(Task details) Copy each line of the data below exactly, leaving out pictures.

[Items from a dataset]
-=-=-=-=-
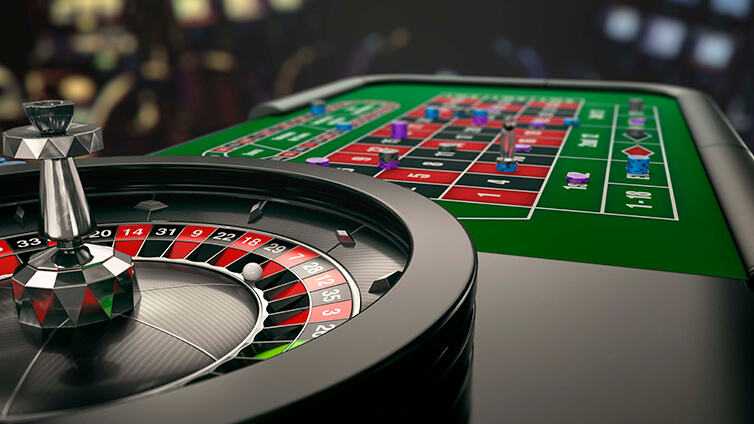 Login Pitbet Your Gateway to a World of Gaming Login Pitbet Your Gateway to a World of Gaming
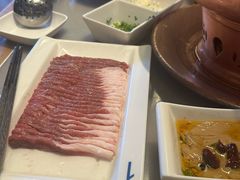 -牛街·马辈儿涮肉(牛街总店)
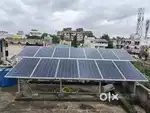 Solar panel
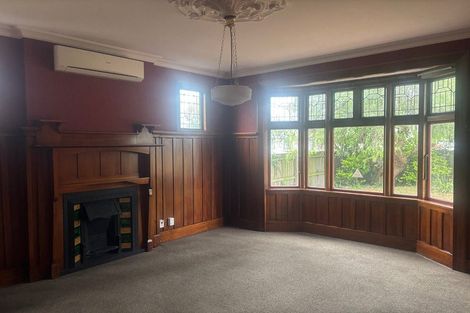 Photo of property in 162 Fitzgerald Avenue, Christchurch Central, Christchurch, 8011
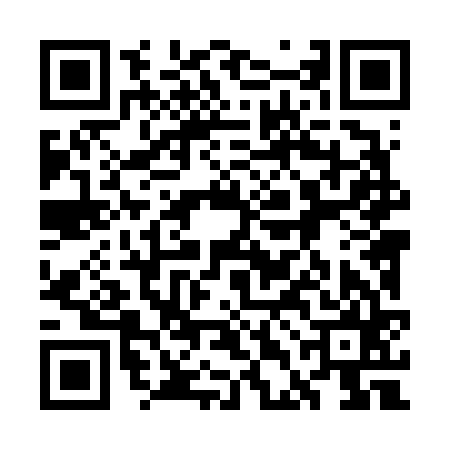 QR code for 7DL665H
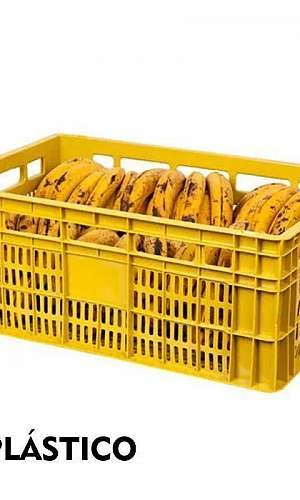caixa plástica para frutas caixa plástica para frutas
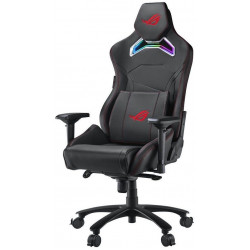 ASUS ROG Chariot X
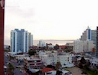 Muy Lindo Apartamento Excelente Vista Piso Alto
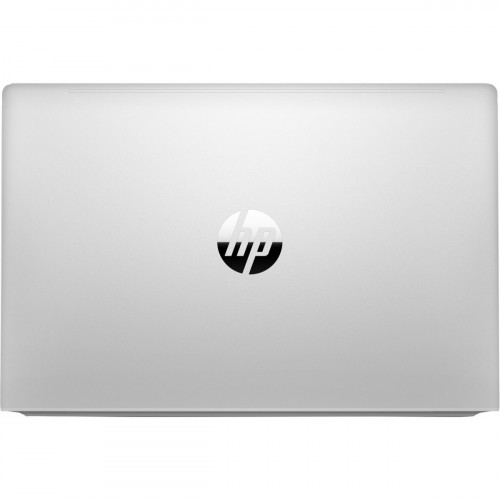 HP ProBook 445 G9 5625U Computer portatile 35,6...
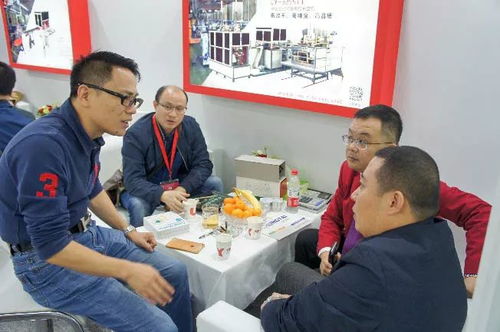 力順源完美收官,堅持創新,勇攀智能高峰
-=-=-=-=-
(Response area)
 Login Pitbet Your Gateway to a World of Gaming Login Pitbet Your Gateway to a World of Gaming
 -牛街·马辈儿涮肉(牛街总店)
 Solar panel
 Photo of property in 162 Fitzgerald Avenue, Christchurch Central, Christchurch, 8011
 QR code for 7DL665H
caixa plástica para frutas caixa plástica para frutas
 ASUS ROG Chariot X
 Muy Lindo Apartamento Excelente Vista Piso Alto
 HP ProBook 445 G9 5625U Computer portatile 35,6...
 力順源完美收官,堅持創新,勇攀智能高峰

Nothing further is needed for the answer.